Not possible out of the box, as far as I know.
There are several pieces needed to understand to make this work.
You need a way to connect one serial port to another serial port. In this case, the "incoming" serial port should be connected to a physical serial port on the machine. Once again, not something supported out of the box, but this would just require a small program to be written. Not that difficult.
Important to know and understand is that you are not, in fact, providing any reverse LAT service. What you want is that an incoming LAT connection should not in fact start LOGINOUT, but instead allow you to communicate on a physical serial port on the VMS box.
So, on the VMS box, a program needs to be running, which are in control of the "serial" ports on which LAT will connect. And once a connection is noticed, it should just pass data back and forth between that port and the physical port you want to connect to.
One additional problem here is that you would really like to create two different LAT services on the VMS box for this to work, since I would assume you would still also be interested in logging in normally with LAT on the system.
As far as I know, this is not possible.
Reverse LAT, on the other hand, is a way on a VMS box (or any other system as well), to specify that a specific destination should be connected to when you open a specific port on the local machine. Thereby implicitly making an outgoing LAT connection from the VMS box.
This was/is typically used for such services as modems or serial port printers. Open TT47: on your system, and output to it. And the output will appear on a currently free printer, as an example.
That works the same on Unix systems as well.
The lat implementation for Linux is very buggy by the way. I've been using it extensively the last few weeks to make a reverse connection using llogin to a DECserver, and it occasionally hangs so bad I need to totally restart it to wake it up. So while it might have some useful features, it's unfortunately not in a good shape. I remember looking at it many years ago because of some other problems I had back then, and decided that it was not worth trying to figure out the code. I should write my own implementation instead, especially since the LAT specs are available.
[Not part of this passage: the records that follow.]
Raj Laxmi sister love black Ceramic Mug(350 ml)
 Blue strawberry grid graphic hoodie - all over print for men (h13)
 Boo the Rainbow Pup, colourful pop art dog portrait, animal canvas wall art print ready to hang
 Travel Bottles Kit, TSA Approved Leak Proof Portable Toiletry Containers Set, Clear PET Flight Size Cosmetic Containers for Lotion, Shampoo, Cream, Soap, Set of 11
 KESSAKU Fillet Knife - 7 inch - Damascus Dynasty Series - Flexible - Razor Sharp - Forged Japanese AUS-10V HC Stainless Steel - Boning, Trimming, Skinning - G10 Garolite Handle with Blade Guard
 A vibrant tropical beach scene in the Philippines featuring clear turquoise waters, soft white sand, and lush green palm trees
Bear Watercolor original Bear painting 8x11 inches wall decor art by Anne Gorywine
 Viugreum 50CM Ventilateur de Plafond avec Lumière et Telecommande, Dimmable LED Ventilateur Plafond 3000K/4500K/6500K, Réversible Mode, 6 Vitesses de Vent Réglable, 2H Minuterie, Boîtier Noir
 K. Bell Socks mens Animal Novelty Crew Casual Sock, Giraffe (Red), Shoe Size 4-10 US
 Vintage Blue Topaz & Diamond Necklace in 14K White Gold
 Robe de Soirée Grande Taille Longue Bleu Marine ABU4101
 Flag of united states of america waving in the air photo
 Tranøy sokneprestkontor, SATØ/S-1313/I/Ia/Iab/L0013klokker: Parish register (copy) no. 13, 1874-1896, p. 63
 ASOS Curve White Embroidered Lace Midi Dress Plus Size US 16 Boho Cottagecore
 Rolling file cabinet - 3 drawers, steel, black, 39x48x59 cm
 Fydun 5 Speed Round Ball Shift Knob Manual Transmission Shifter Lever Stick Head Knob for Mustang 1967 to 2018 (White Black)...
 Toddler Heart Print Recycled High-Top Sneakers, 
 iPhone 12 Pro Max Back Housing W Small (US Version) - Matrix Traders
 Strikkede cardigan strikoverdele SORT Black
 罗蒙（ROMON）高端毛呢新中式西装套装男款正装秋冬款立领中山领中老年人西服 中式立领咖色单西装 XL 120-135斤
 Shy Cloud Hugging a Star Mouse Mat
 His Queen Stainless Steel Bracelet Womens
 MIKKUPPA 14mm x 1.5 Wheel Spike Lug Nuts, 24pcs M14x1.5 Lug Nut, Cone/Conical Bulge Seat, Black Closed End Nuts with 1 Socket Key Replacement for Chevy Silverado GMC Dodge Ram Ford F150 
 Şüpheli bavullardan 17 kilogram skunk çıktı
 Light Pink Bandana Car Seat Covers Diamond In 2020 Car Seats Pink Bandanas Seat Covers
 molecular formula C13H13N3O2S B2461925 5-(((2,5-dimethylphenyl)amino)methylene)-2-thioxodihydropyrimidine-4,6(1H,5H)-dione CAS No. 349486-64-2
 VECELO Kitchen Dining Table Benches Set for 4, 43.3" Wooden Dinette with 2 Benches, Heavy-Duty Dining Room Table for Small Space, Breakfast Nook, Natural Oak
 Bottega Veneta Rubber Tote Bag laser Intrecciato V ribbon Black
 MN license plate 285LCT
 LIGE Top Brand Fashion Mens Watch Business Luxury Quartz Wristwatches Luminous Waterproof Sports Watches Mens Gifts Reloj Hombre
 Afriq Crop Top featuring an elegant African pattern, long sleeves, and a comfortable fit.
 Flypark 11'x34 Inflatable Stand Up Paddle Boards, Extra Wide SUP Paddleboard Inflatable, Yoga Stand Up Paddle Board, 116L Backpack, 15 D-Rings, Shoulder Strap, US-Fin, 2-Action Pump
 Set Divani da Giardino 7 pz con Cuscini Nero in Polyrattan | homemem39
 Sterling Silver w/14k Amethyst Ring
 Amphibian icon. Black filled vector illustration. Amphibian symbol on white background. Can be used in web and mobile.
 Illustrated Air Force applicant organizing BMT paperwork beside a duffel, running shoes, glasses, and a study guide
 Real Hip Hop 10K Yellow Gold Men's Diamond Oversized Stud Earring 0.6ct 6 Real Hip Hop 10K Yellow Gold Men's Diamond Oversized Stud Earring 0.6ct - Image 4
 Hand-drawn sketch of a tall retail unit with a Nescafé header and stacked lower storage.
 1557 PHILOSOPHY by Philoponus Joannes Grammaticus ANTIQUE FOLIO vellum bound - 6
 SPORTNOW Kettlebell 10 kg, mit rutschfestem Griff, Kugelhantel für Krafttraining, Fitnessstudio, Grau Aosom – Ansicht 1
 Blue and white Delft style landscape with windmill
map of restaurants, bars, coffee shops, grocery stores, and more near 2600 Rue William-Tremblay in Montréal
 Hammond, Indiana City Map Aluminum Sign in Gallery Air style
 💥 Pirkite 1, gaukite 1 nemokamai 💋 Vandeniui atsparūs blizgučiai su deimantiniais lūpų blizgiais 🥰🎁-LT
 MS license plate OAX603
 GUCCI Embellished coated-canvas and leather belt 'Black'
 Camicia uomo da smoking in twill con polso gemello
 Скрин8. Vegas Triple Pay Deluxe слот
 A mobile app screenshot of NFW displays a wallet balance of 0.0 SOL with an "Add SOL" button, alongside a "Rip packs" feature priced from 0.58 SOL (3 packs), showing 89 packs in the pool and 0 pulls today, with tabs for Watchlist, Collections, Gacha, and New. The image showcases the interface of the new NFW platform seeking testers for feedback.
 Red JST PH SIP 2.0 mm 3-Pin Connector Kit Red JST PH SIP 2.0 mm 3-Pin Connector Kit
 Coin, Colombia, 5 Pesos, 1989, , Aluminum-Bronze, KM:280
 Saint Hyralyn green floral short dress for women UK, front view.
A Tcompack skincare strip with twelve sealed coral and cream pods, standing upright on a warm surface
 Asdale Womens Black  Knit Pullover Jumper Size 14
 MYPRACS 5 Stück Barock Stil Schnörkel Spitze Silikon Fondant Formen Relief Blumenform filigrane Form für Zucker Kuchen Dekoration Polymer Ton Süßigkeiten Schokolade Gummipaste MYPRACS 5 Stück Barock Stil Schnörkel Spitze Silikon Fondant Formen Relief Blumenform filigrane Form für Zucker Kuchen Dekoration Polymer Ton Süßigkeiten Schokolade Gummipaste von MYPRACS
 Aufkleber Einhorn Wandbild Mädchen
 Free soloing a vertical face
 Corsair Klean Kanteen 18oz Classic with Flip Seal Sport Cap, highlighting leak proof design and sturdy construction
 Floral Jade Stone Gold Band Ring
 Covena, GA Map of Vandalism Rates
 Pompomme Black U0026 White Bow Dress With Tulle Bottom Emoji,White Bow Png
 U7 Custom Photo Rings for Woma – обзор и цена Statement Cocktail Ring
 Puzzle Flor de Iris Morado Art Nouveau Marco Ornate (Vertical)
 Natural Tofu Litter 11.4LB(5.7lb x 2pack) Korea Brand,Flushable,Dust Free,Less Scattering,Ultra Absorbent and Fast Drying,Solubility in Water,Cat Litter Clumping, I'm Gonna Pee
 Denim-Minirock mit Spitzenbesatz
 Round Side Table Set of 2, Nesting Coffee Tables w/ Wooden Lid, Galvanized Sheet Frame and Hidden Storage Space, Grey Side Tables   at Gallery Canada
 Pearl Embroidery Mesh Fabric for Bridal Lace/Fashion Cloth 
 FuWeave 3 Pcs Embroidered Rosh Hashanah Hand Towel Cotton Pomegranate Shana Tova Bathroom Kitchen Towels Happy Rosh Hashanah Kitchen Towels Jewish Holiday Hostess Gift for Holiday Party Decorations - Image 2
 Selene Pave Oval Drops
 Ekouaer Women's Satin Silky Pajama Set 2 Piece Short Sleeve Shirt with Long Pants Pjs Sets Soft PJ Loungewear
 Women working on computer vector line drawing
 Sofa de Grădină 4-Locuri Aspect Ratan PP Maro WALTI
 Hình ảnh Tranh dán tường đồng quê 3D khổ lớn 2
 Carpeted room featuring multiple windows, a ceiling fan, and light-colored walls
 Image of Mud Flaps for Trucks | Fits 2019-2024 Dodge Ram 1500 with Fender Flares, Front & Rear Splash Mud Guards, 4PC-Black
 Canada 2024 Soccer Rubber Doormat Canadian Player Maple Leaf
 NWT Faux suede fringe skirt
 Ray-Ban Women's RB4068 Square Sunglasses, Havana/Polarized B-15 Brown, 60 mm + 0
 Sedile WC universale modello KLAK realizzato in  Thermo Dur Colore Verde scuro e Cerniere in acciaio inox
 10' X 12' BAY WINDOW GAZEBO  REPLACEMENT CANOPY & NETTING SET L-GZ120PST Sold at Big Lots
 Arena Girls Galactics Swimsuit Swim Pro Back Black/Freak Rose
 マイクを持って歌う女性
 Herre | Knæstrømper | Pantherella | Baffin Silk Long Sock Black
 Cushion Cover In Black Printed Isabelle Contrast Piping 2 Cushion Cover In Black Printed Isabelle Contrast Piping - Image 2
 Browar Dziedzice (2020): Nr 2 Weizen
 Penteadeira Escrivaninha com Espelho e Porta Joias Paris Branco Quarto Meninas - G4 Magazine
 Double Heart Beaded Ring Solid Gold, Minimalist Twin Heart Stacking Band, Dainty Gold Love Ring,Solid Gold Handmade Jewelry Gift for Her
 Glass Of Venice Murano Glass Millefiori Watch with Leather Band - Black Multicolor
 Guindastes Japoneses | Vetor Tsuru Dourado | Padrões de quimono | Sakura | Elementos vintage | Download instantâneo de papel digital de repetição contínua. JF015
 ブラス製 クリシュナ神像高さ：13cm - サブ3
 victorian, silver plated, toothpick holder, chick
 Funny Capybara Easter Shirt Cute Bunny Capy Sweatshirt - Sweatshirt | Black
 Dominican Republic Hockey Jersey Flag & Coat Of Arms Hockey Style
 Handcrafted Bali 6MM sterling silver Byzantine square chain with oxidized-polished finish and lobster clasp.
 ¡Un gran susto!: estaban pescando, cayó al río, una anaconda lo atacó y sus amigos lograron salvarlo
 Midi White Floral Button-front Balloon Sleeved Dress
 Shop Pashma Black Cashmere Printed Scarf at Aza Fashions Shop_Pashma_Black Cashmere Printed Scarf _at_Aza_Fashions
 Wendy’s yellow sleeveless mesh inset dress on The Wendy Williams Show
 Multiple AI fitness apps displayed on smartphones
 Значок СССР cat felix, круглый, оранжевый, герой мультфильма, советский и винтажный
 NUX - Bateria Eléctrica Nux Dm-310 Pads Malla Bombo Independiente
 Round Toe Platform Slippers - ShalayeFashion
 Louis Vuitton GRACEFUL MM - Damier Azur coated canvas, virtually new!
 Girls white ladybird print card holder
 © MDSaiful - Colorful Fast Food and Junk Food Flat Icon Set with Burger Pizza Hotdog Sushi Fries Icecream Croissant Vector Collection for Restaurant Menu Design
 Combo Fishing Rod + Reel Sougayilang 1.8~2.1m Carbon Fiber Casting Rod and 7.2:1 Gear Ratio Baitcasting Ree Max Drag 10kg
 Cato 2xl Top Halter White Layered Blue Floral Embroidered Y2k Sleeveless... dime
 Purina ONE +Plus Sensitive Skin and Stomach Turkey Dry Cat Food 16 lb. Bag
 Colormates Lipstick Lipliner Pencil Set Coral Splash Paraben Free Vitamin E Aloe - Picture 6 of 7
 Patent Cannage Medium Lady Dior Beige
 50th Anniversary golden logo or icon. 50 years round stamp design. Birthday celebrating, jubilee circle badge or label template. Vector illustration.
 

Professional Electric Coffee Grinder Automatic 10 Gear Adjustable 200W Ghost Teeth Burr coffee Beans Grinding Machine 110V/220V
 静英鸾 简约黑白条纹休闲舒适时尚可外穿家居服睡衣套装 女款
However, as usual, I have not had time to do so... :-(
Johnny
Sampsa Laine wrote:
OK,
I see - so there's no way of doing this on VMS then? Good thing the Linux LAT seems to do the trick though.
Sampsa
On 9 Jun 2010, at 07:48, Johnny Billquist wrote:
Sampsa Laine wrote:
On 9 Jun 2010, at 01:27, Gregg Levine wrote:
Hello!
I see.
A good question. Now that I know that it is someone physical where you
are, I am fresh out of ideas.
This MUST be doable, it's such an obvious idea :)
Let's say back in the day I had a modem connected to one of my VMS boxes, would not sharing it over LAT be pretty obvious?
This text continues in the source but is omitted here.